C’est entre rigueur et absurdité, dépouillement et humanité que le Bureau d’hypothèses, salle Michel Journiac, (Université Paris I) réouvre ses portes.
En tant qu’artiste invité, Stéphane Sautour propose une pièce inédite intitulée ISO 9000. Elle est constituée de sept tirages de plans encadrés de 130 x 110 cm.

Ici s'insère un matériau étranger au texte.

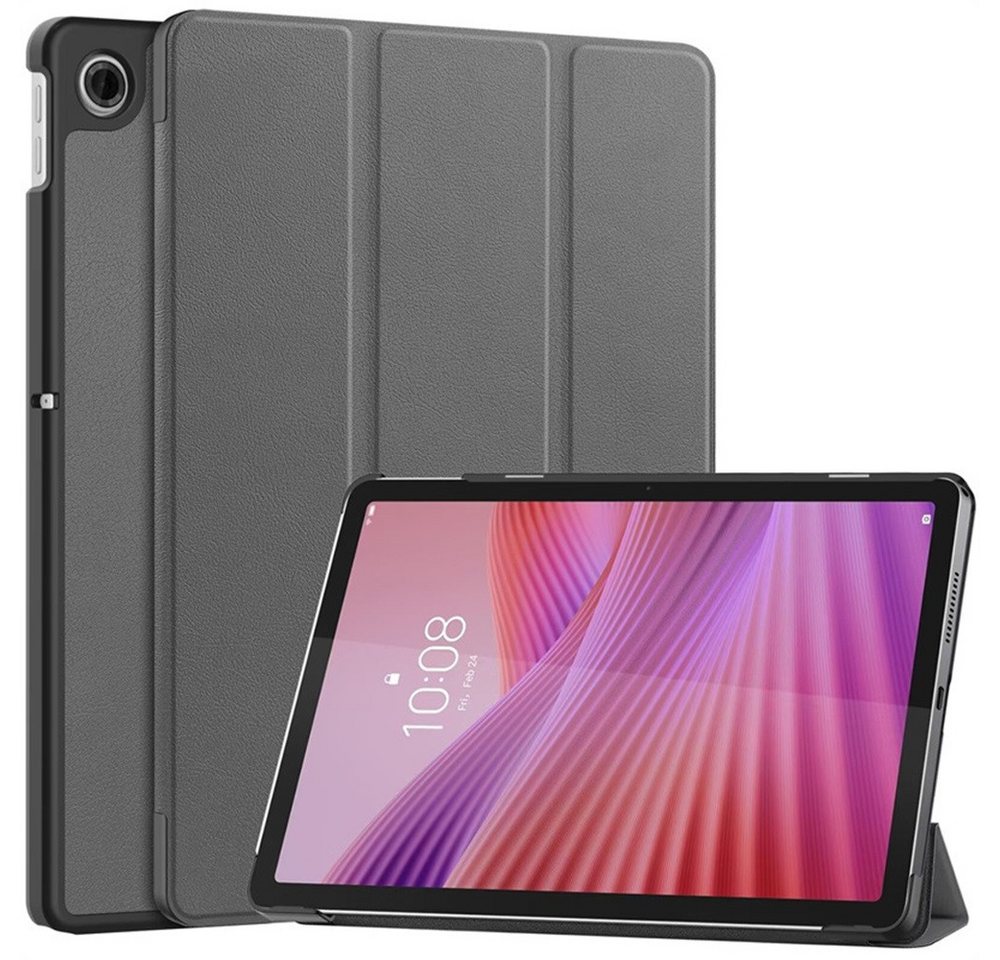 Kevin Frotscher (FroShop) Tablet-Hülle Schutzhülle für Lenovo Tab 10.1" 2025 TB-311FU / TB-311XU 4 Generation Hülle Case Cover Tasche Smart Cover, Magnetisch Wake Up & Sleep Funktion - Grau von Kevin Frotscher (FroShop)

Au premier abord, la rigueur des plans donne à voir des objets intitulés Ecran Total, Space Cake, Ram, Go, Dust ou encore Tank, déclinés de nombreuses façons : vue en plan, coupe, élévation côté, face, dos… Pourtant, pour le spectateur curieux, cette impression de rigueur laisse place à de nombreuses questions. Bien que l’on soit informé du fait que ces plans « représentent des dessins techniques d’œuvres déjà réalisées ou d’œuvres en cours de réalisation », on se demande ce que sont ces objets ou à quoi servent des plans si précis. La sur-cotation pratiquée par l’artiste finit par déréaliser ce qu’elle est censée déterminer. L’excès de détails, la sur-information confinent à l’absurde la pratique du dessin technique.

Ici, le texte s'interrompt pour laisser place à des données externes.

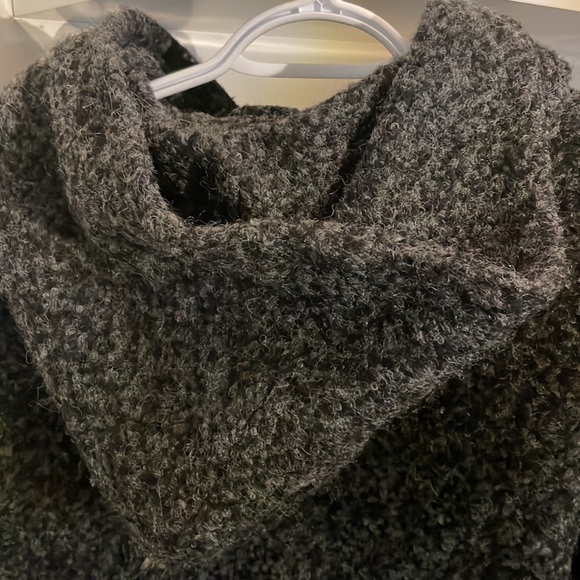 Black Wool Blend Coat - Picture 11 of 13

La norme ISO dont cette œuvre tire son titre est une base normative reconnue de façon internationale. En la détournant de son rôle fonctionnel et en exagérant ses consignes, Stéphane Sautour pose le problème du code, de la norme et de l’imaginaire qu’ils impliquent.
Ici, le plan se donne et se déréalise à la fois, il révèle ses propres lacunes et s’expose tel quel comme un objet hybride de passage entre l’imaginaire et le réel.

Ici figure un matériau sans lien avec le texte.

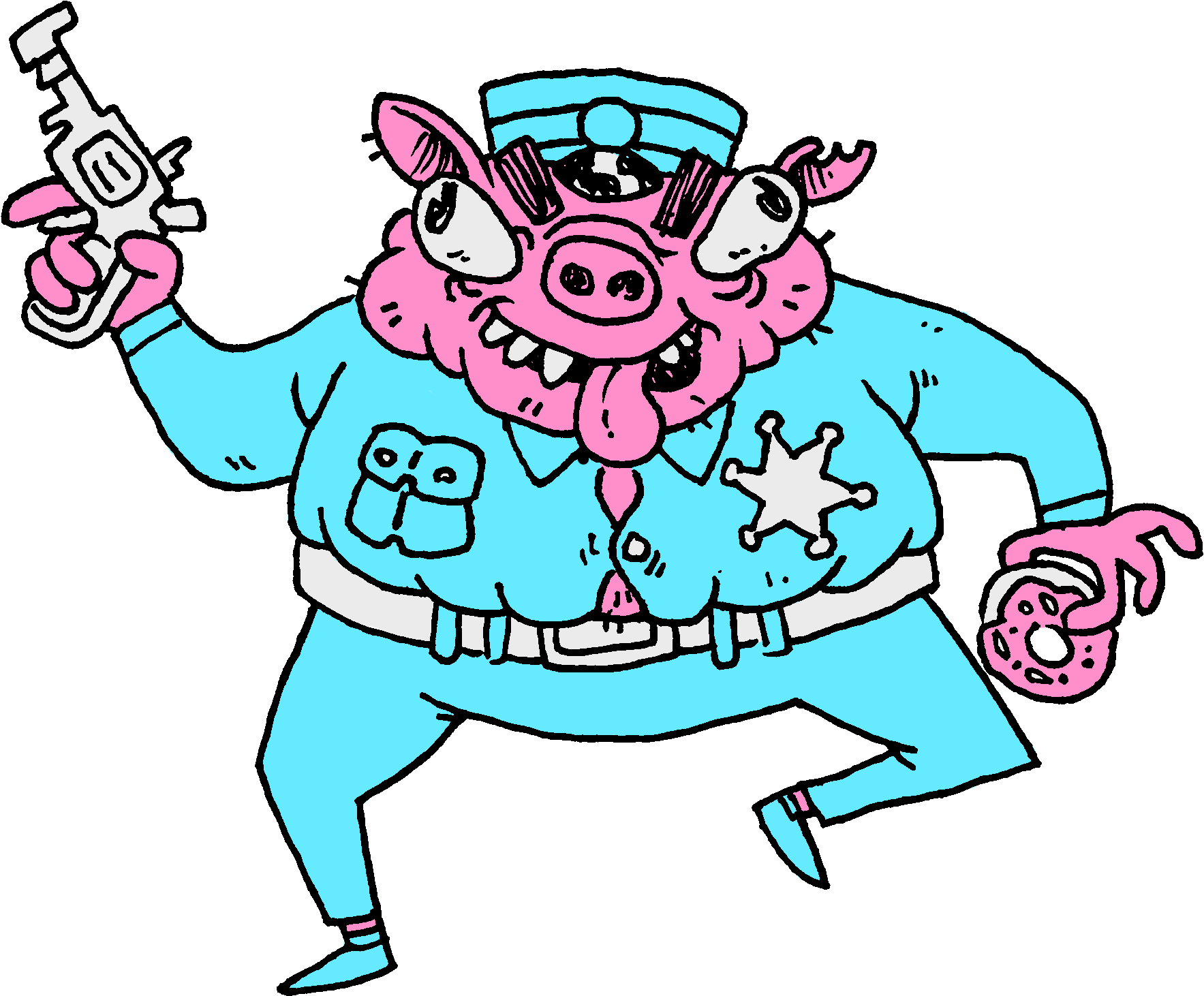 Download - Pig Cop Transparent (2550x2007), Png Download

Dans un espace plus intimiste de la salle, Laura Houeix, étudiante en arts plastiques, expose deux panneaux photographiques noir et blanc, grands formats représentant une mise en scène de Vladimir et d’Estragon, personnages de la pièce de Samuel Beckett En attendant Godot. Loin du travail de Stéphane Sautour, ces deux présences dépouillées et vacillantes ajoutent une part d’humanité à l’exposition.
Passagers hors-norme d’un monde où les mots perdent leur sens et où les paroles n’ont plus aucun rôle performatif, ils survivent dans l’attente. Dans ce travail Laura Houeix les prend au piège du cadre photographique ; ils sont figés dans une image. Ils attendent bel et bien quelque chose en regardant le spectateur d’un air dubitatif et ennuyé ou en méditant le regard dans le vague. Cette proposition qui radicalise le travail de Beckett cantonne ces personnages à une présence physique et esthétique en abolissant le rôle du langage.
Si différentes soient-elles ces deux interventions questionnent les codes (visuels, linguistiques) et proposent une vision ouverte et critique à la fois du pouvoir et de l’arbitraire de la norme.
Laura Houeix
— En attendant Godot, 2004. Deux tirages photos noir et blanc
Stéphane Sautour
— ISO 9000, 2004. Sept tirages photos. 130 x 110 cm.